Saturday, September 22, 2012

If There Is I Haven’t Found It Yet (Roundabout Theatre Company)

By Harry Forbes

Jake Gyllenhaal, in a complete departure from anything he’s played on screen, makes an auspicious American stage debut as a scruffy Brit. He’s Terry, the wastrel uncle to an overweight 15-year-old girl, Anna (Annie Funke) whose well-intentioned parents are too self-absorbed to fully comprehend their taciturn daughter’s pain.

Terry’s older brother George (Brian F. O’Byrne) is a stammering environmentalist obsessed with global warming and Fiona (Michelle Gomez), a teacher at Annie’s school, who’s impatiently uncomprehending when it comes to Anna’s justifiable retaliation to her cruel classmates.

Gyllenhaal’s English accent never falters, and despite his character’s crude talk laced with f-bombs and wasted, rumpled appearance, he shows us Terry’s inherent decency, particularly where his lonely niece is concerned. Their scenes together are most touching. He’s not the whole show, though, as the others are equally accomplished.

The play – a hit at London’s Bush Theatre in 2009 by up-and-coming writer Nick Payne – is one of those dysfunctional family dramas that we’ve seen often enough. Critics praised it for its quirky humor, but here, under Michael Longhurst‘s direction, a tone more somber than even mordantly comedic predominates.

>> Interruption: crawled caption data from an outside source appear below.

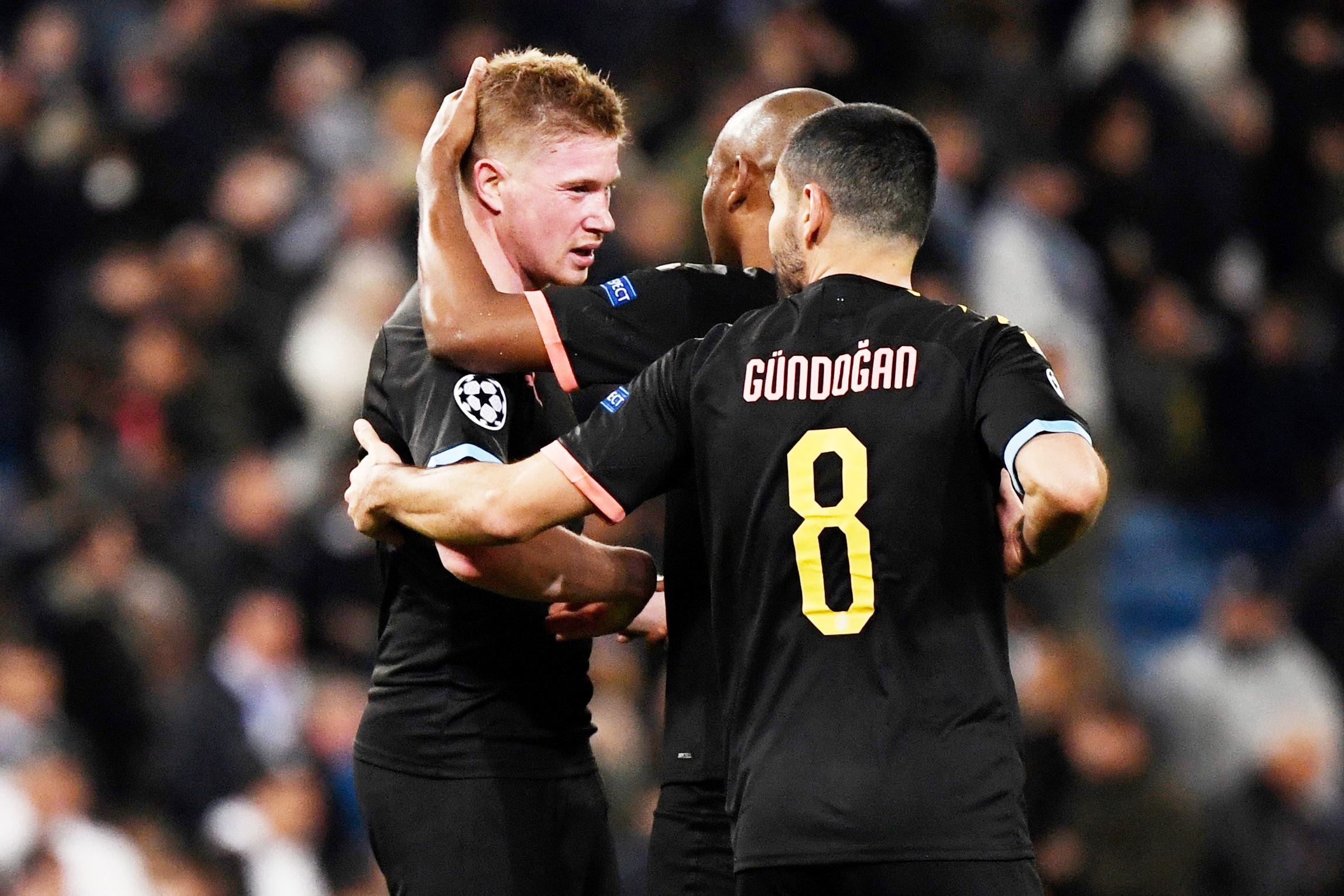 دی برۆین به‌رامبه‌ر ریال مه‌درید یاری ده‌كات یان نا؟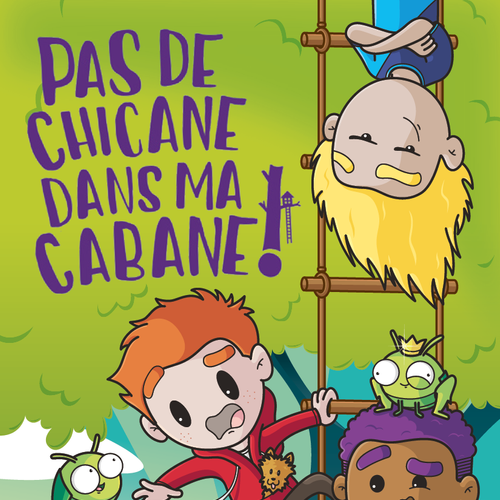 Pas de chicane dans ma cabane tome 1: Tic Tic Tic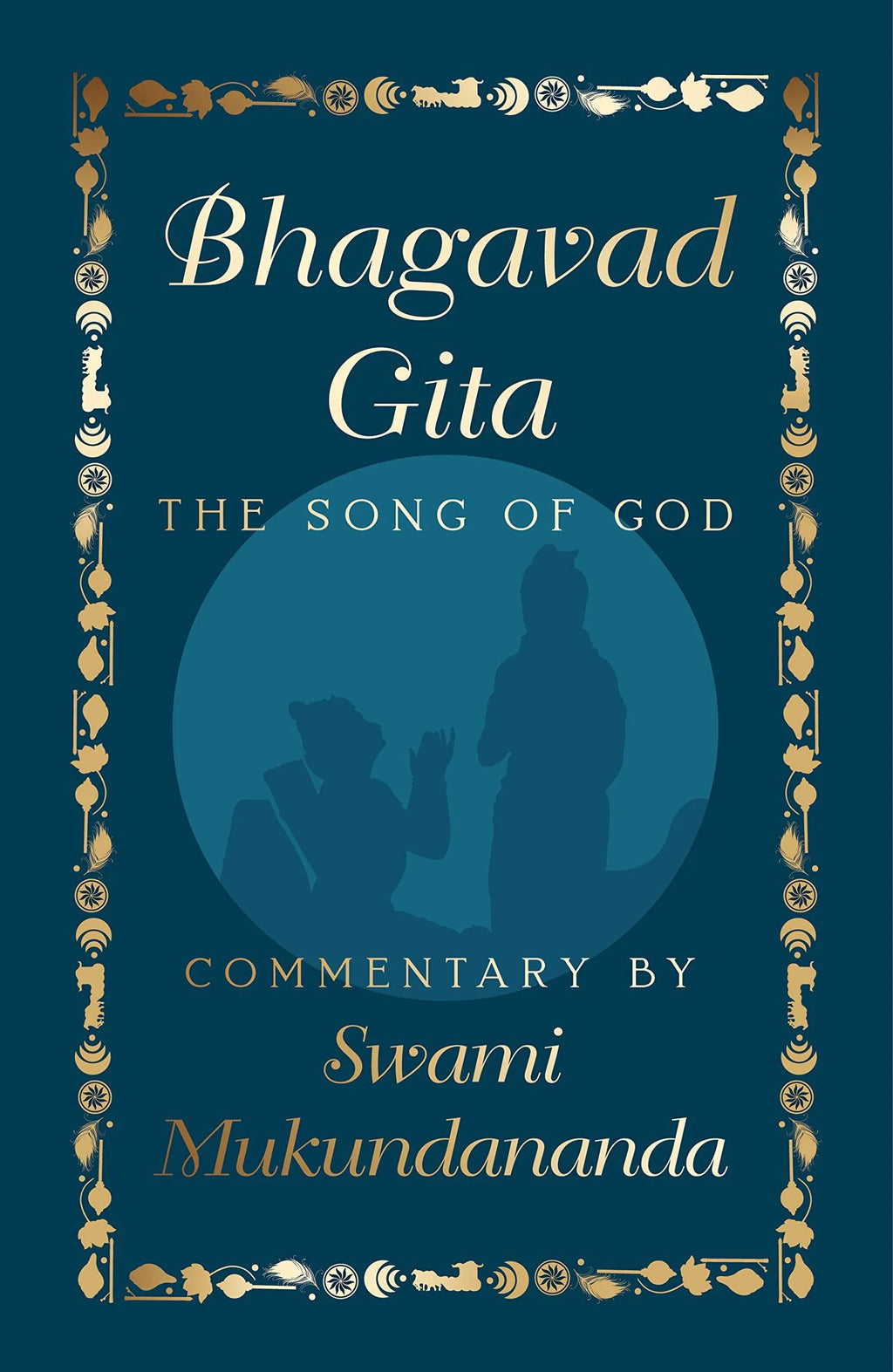 Bhagavad Gita: The Song of God BIBLIONEPAL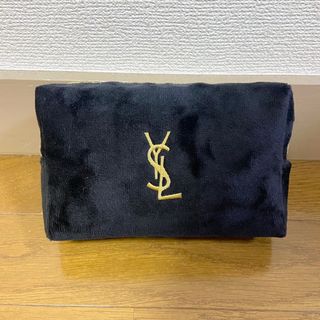 Yves Saint Laurent Beaute - YVES SAINT LAURENT 化粧ポーチ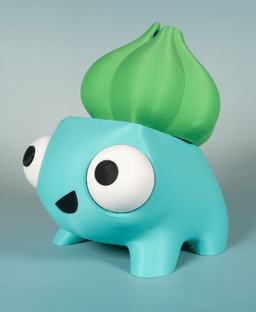 Bul Bul (No AMS/No Support/No Glue) 3d model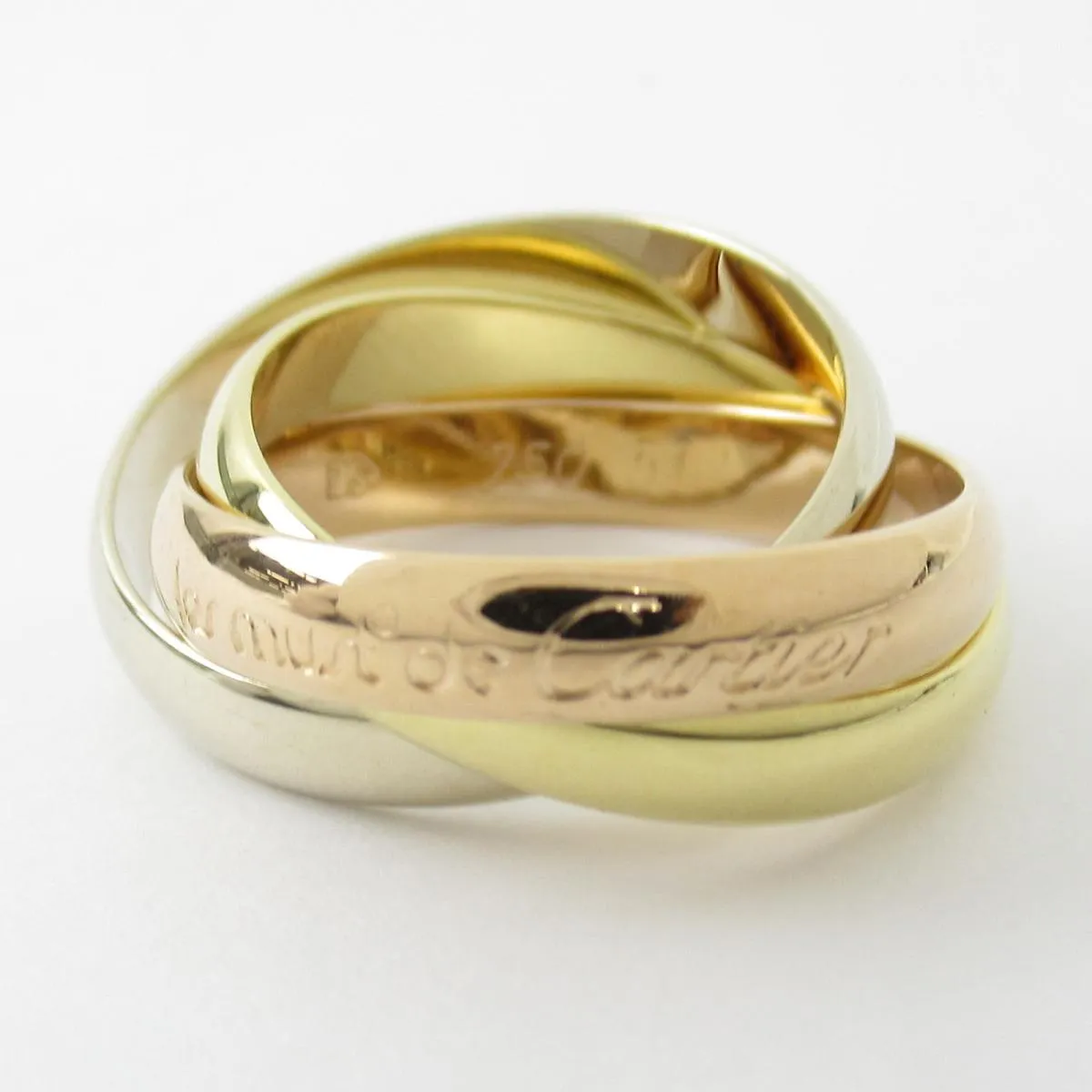 Cartier Trinity Ring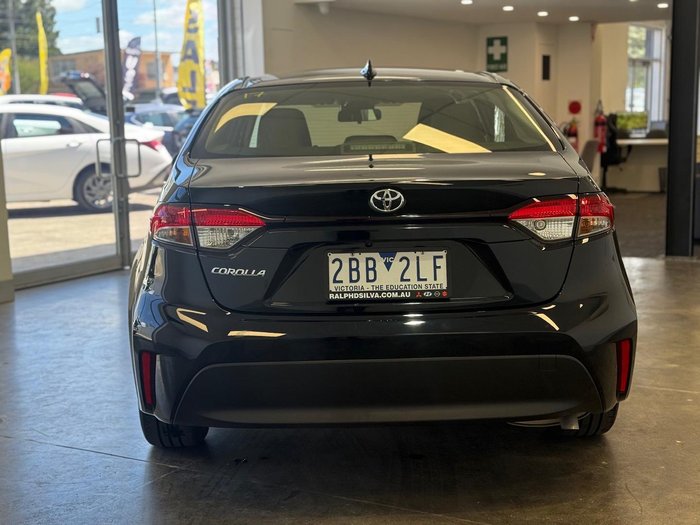 2024 Toyota Corolla Ascent Sport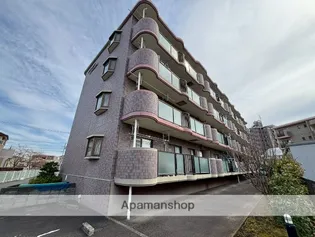 カサベルデ額田【3階】の間取り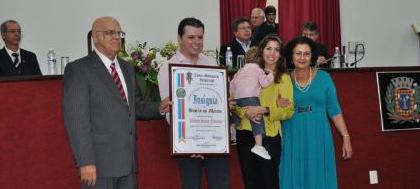 Caskinha exalta município no setor de eventos
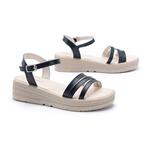 Сандалии женские Malemonkey, черный - фото 8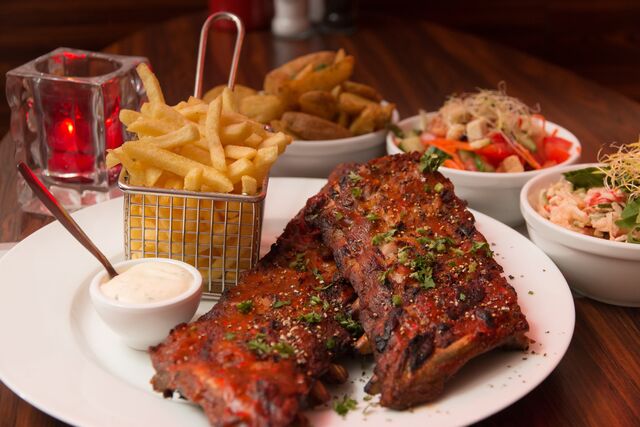 Spare Ribs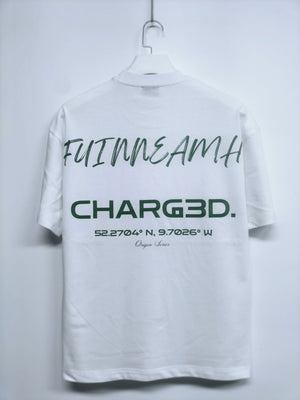 Men's Oversized T-Shirt: Fuinneamh | Ireland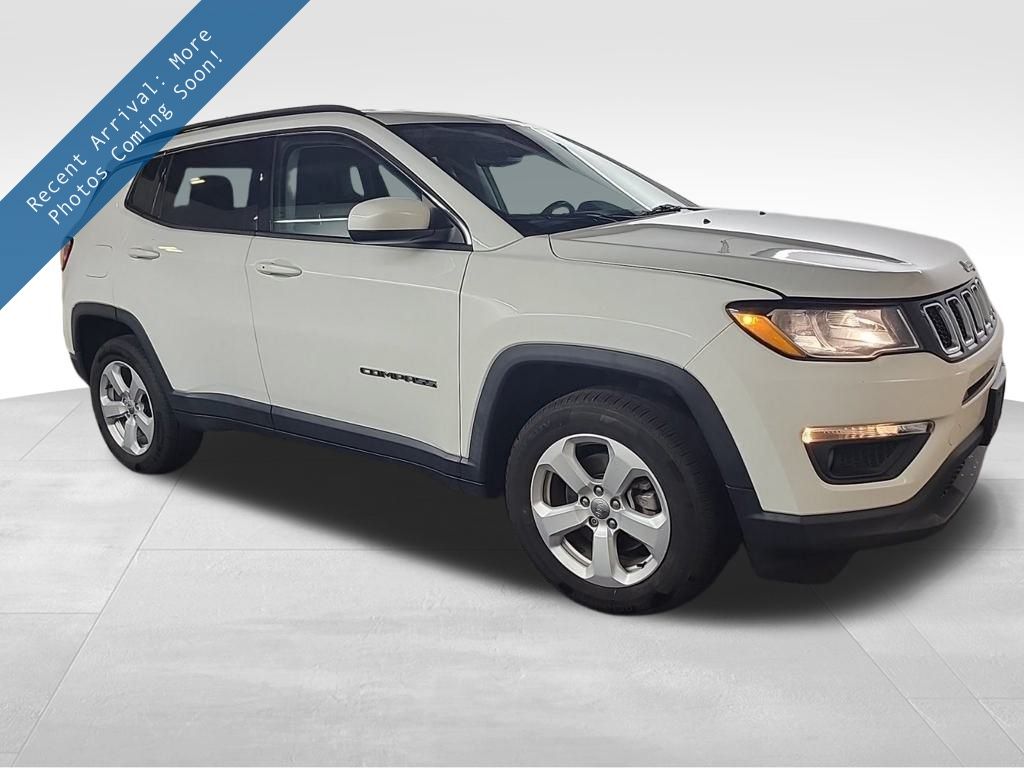 2020 Jeep Compass Latitude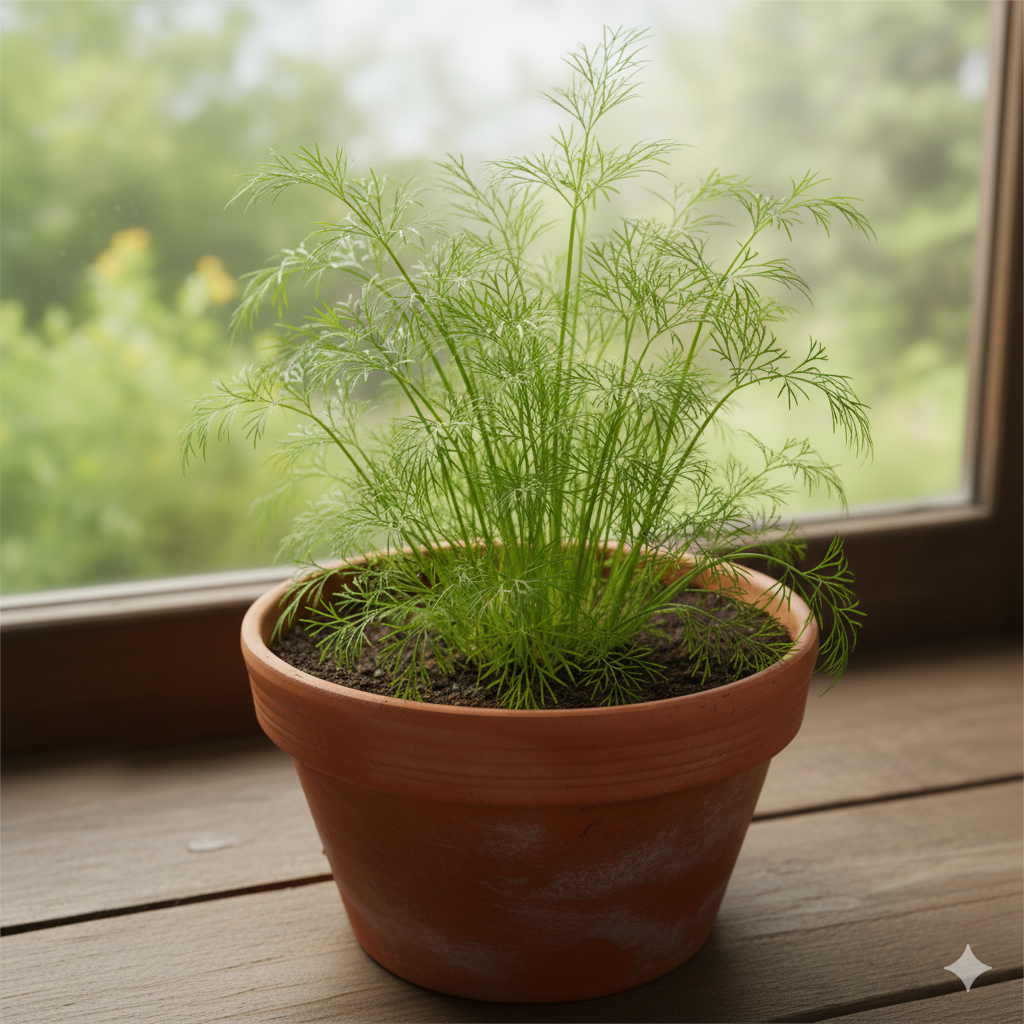 Dill Dill - Vegetable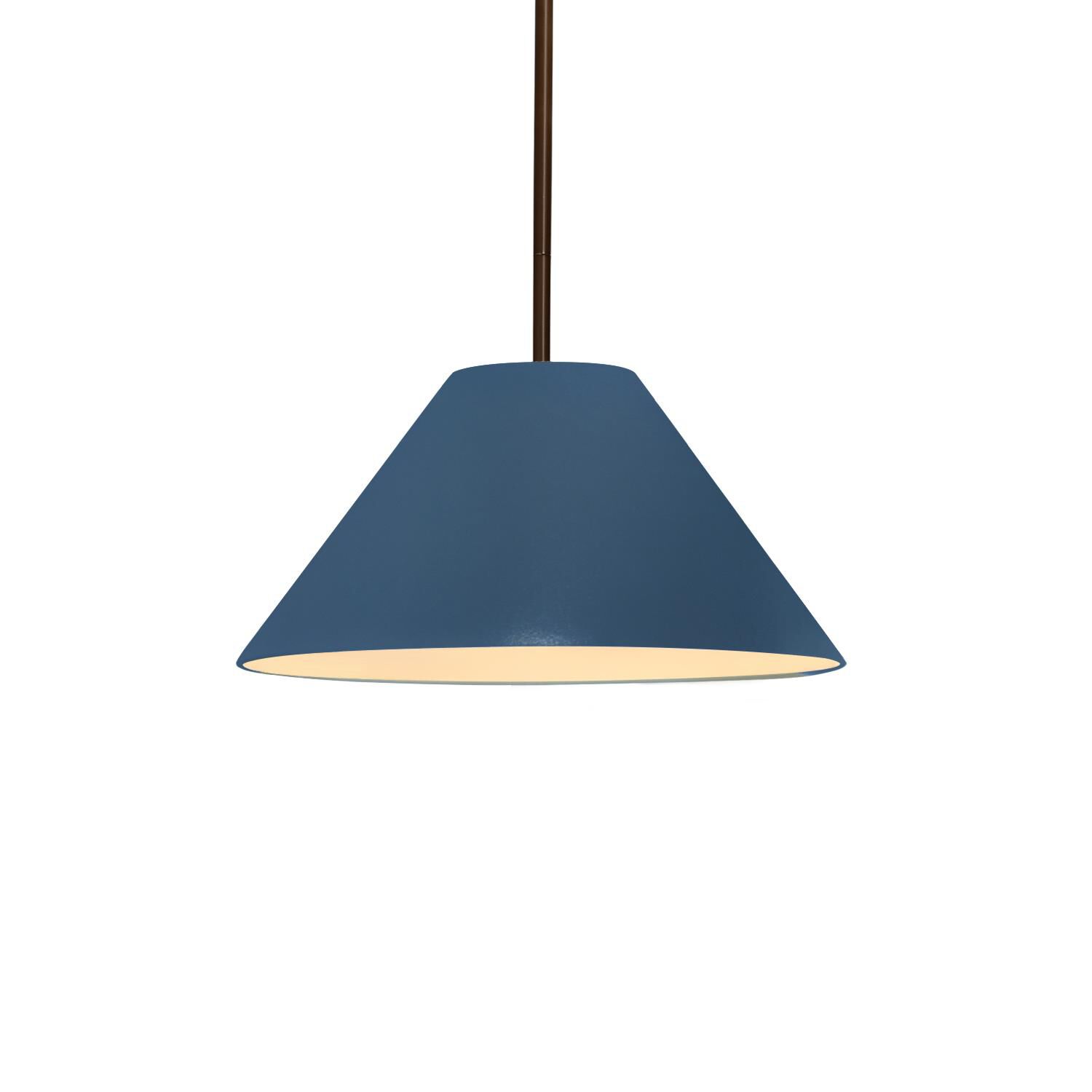 Radiance Avola 11 Inch Mini Pendant by Justice Design Group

That quality is underscored by Beowulf Boritt’s water drenched setting – pouring rain at times, overflowing water from a bathtub during a climactic scene, and from the trough that catches the water from the flies – and ramshackle furniture roughly tossed aside piece by piece by the cast after each scene. The water and furniture rather obviously mirror the symbolism of the play: George’s fretful planetary concerns and the family’s emotional flotsam and jetsam.

Payne writes good naturalistic dialogue…but even at 95 minutes or so, I found the proceedings a bit tedious, while admiring the committed performances, and Gyllenhaal’s auspicious stateside debut.